Ronald Koeman is best of both worlds Wenger replacement

Preparing for a dead rubber of a second leg against Bayern Munich in the last 16 of the Champions League, brings the reality home for Arsenal: they may currently have their best squad in over a decade, but the same old failings still apply.

Trapped in a Kafkaesque world where there seems to be no exit, it’s becoming clearer and clearer that Arsenal’s best hope of a metamorphosis is to part ways with Arsene Wenger. They will have to do a that eventually. And one man Arsenal should be considering is Everton manager, Ronald Koeman.

Since taking over at Southampton in 2014, he has seen his stock rise steadily. It’s clear that he saw Everton as a step forward in his career, and left the south coast on the basis that the club lacked ambition. Whether or not the Goodison Park side match that ambition in the short term remains to be seen, but it’s clear that if he’s an ambitious football manager, Arsenal is a club he’ll feel he could do a lot with.

And after a few turbulent weeks before Christmas, the Dutchman’s reputation has been on the rise once more. There is probably no other manager outside of the Premier League’s top six with the same pedigree and prestige as Koeman.

Before going any further, though, it’s worth remembering that Wenger may yet stay in the job. At the moment, we’re in the realm of speculation and that’s mostly down to the fact that Arsenal – and Wenger himself – are yet to give any confirmation or reassurance on the future of the manager.
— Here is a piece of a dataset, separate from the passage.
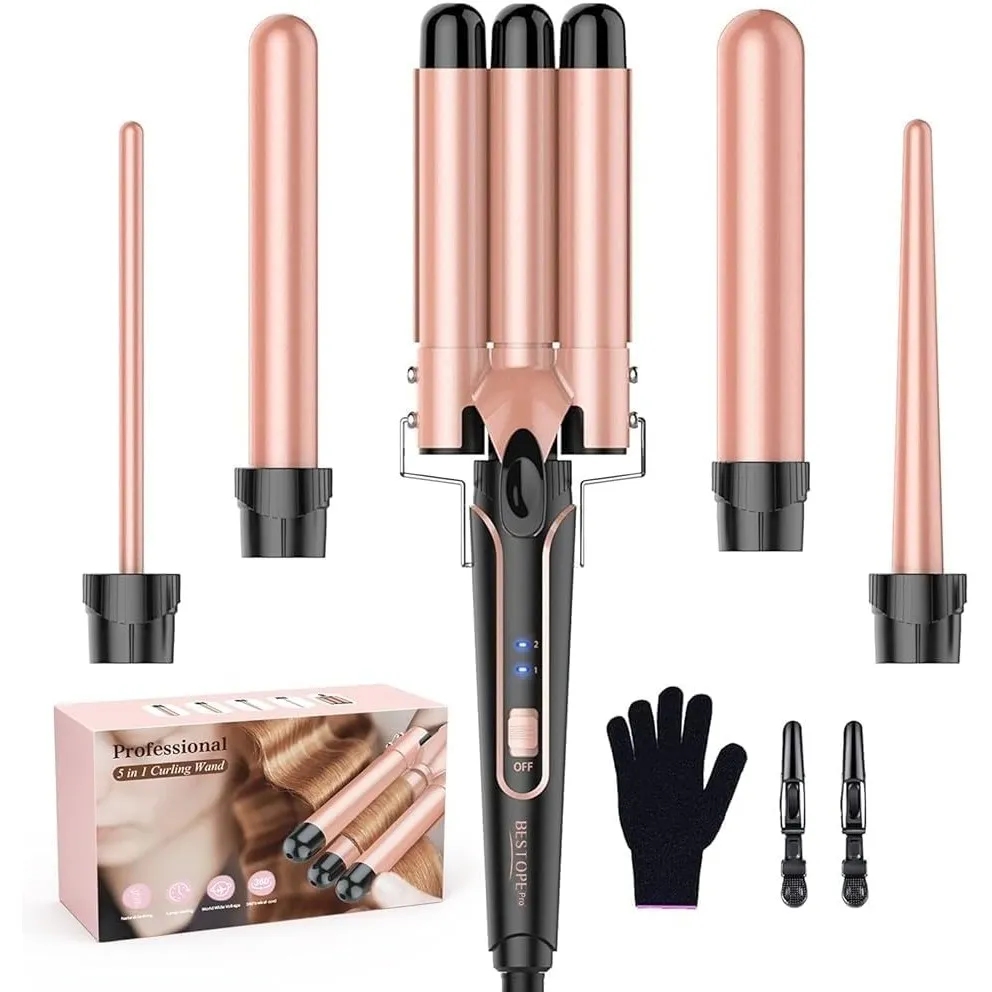 BESTOPE PRO Lockenstab Set 3 Fässer, 5 in 1 Welleneisen für große Wellen, Temperatureinstellung, Schnellaufheizung und …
But whatever happens over the summer, Arsenal should still be looking at the market. If nothing else, the last few weeks have served as a reminder that Wenger won’t stay forever, and that we are – at the very least – entering the twilight of his time at the Emirates. And one of the men in that market who seems to suit very well as a Wenger replacement is Koeman.

Over the past decade, many men have been touted as potential Wenger replacements. But what we have seen over the past few weeks is an intensifying of the speculation: instead of young, up-and-coming managers who have shown ability and a similar philosophy to Wenger, we’ve started to see men like Max Allegri and Roberto Mancini touted with the job.
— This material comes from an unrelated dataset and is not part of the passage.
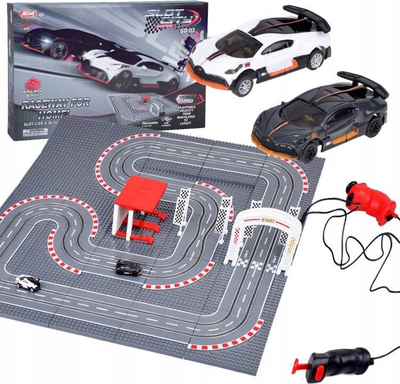 Pistë gare me makina me telekomandë Aom Raceway for Home, 2 makina, USB, gri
What that shows is how real the situation is getting. Arsenal, over the past 20 years, have never been part of the managerial speculation and the circus that goes with it. As a result, it’s been easy to talk about the likes of Eddie Howe or Remi Garde as potential successors to Wenger. But instead of touting these sorts of managers as genuine replacements, they are linked more as a compliment to their managerial talents and success than any real likelihood of taking over.

Now that there’s a real chance that a new man will have to take over soon, that’s stopped. It’s all well and good talking about a man who can take over and spend another 20 years at the helm, but with the pressure so high and with so many top managers in English football, Arsenal probably feel like they can’t make a mistake with this decision.
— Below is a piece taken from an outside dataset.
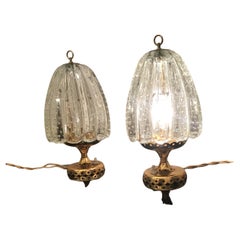 Barovier e Toso Table Lamps Brass Murano Glass 1940 Italy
But there’s a middle ground. In order for a manager to stay around the club for a long time, they don’t need to be overly young. Wenger himself had 13 years of management experience before taking over at Arsenal.

And when you think about that, and you think about the possibility of finding a manager whose appointment wouldn’t be considered an undue risk, whose star is on the rise, and who can give his best years to Arsenal, it becomes clearer that Koeman fits the bill.